Some memory management utilities allow you to "boost" your memory at specific time intervals. For example, you could boost your memory every 15 or 30 minutes, every hour, and so on. People ask why MemoryBoost does not support this feature. Why not allow QuickBoost to be scheduled every thirty minutes? This article addresses that question.

As you may have observed, boosting takes a lot of energy out of your computer. You'll notice that your computer slows down when you run QuickBoost, that MemoryBoost is designed carefully to avoid boosting when you're using your computer. It will interrupt only when memory is dangerously low; otherwise, it will let you work in peace. The reason for this is clear--a program designed to improve your computer's performance cannot afford to do something that would be detrimental to performance. Much of the power of MemoryBoost is invested in choosing when to boost, not just how much to boost.

Because boosting is so expensive, in terms of computation resources, it must be used judiciously. Technically speaking, boosting is only effective when your computer really needs it. You can test this yourself; try boosting your memory over and over again, you'll see it converge to a certain point. Because of the expense of boosting and its effectiveness being entirely dependent on how much free memory you have, it only makes sense to boost when boosting will recover a significant amount of memory. Here you're paying a price (your computer is slowing down) but you're getting a clear benefit (your memory is freed).
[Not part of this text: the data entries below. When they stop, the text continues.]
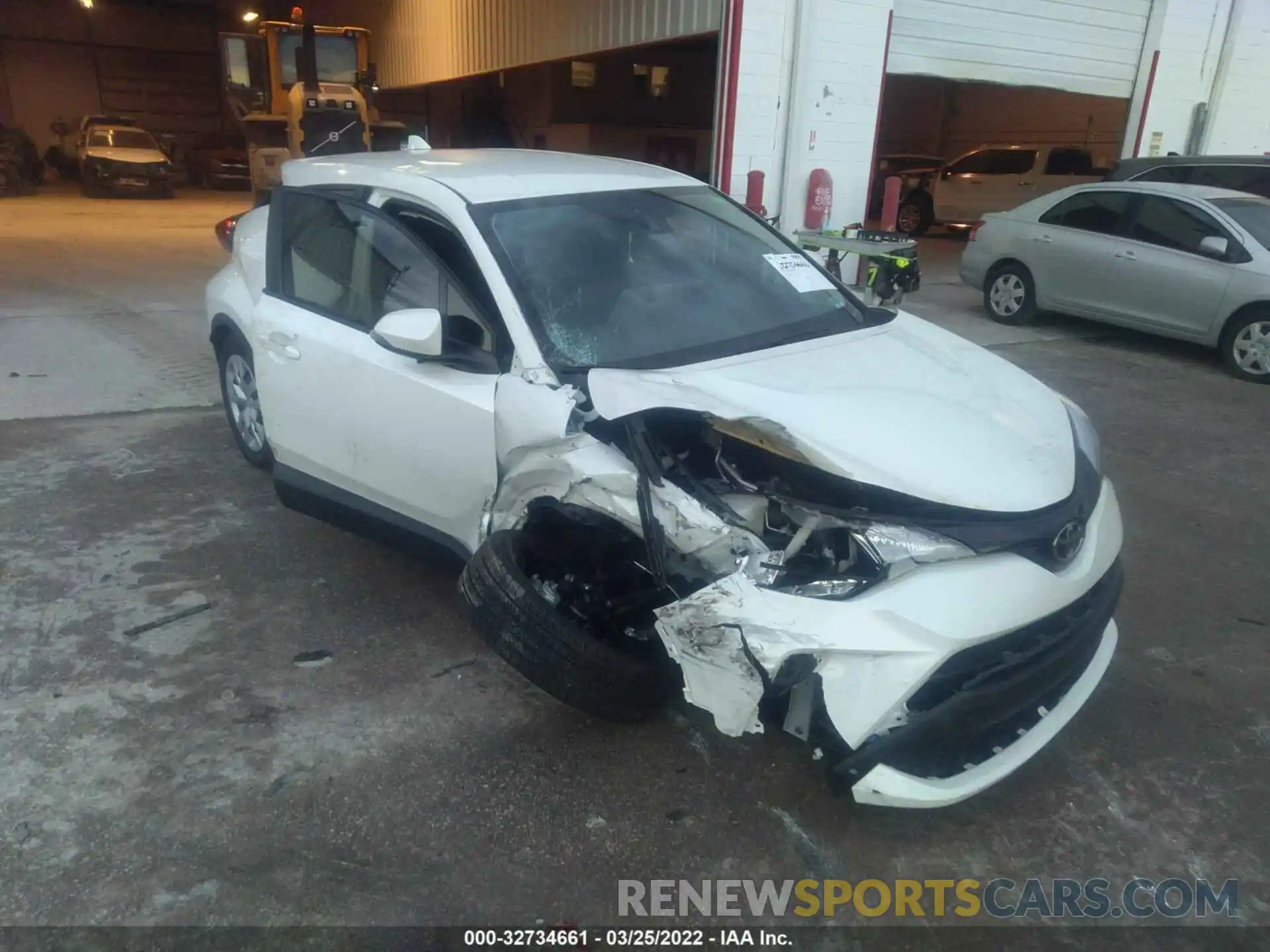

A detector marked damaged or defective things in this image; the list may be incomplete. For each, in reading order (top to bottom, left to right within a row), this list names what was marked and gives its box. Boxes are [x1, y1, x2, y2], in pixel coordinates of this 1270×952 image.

crumpled hood [84, 146, 169, 165]
exposed front wheel [985, 265, 1036, 327]
exposed front wheel [1219, 309, 1270, 383]
exposed front wheel [216, 333, 273, 472]
crumpled hood [589, 313, 1077, 515]
damaged white car [206, 145, 1122, 807]
broken headlight [741, 510, 970, 599]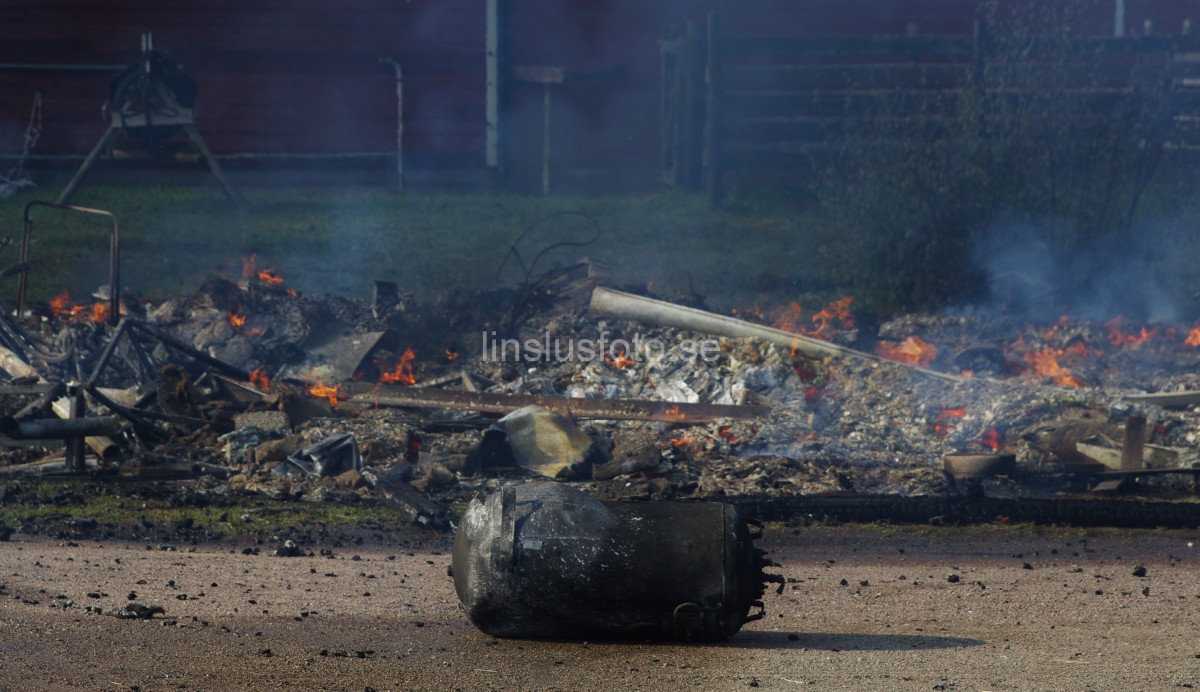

Sometimes MemoryBoost can even get out of paying the price--if you're away from your computer, for example, you'll never know that boosting slowed down your computer for a few seconds. MemoryBoost works hard to estimate the expected benefit and the expected cost. It wants to provide the greatest benefit to you while incurring the least discomfort.

Boosting at specific intervals is effectively the cheap way of doing what MemoryBoost does really well. When you boost at a specific time interval, you're ignoring the entire cost / benefit calculation. Boosting may not gain you anything (you may already have a maximal amount of free memory), and it will certainly extract a price. Since MemoryBoost always boosts your memory when you need it, boosting at intervals will never do a better job. At best, it'll boost at the same time MemoryBoost would have, in which case they'd be exactly the same. At worst (and this is what happens most of the time), your memory doesn't change on an exact schedule and boosting at intervals will often boost when you're working or you don't need memory, slowing down your computer.

Part of the power of MemoryBoost is that you don't have to oversee its operation. It will intelligently choose to boost your memory when you need it most, getting you the best possible performance. Of course, MemoryBoost lets you QuickBoost whenever you want. But there is no need to set up a schedule, or otherwise direct MemoryBoost. It is much smarter than that; it uses an advanced algorithm to schedule itself, much more advanced than simply watching the clock. For this reason, we don't offer the ability to QuickBoost at certain intervals. There is absolutely no performance to be gained by offering this feature, and it would confuse the user--MemoryBoost is designed to know when to boost, so offering such a feature would imply that you, the user, have to determine when MemoryBoost should boost your memory. MemoryBoost is designed to take this responsibility on itself. Straight out of the box, MemoryBoost is configured to work with your computer, your software, your memory and your operating system to exact the highest level of performance.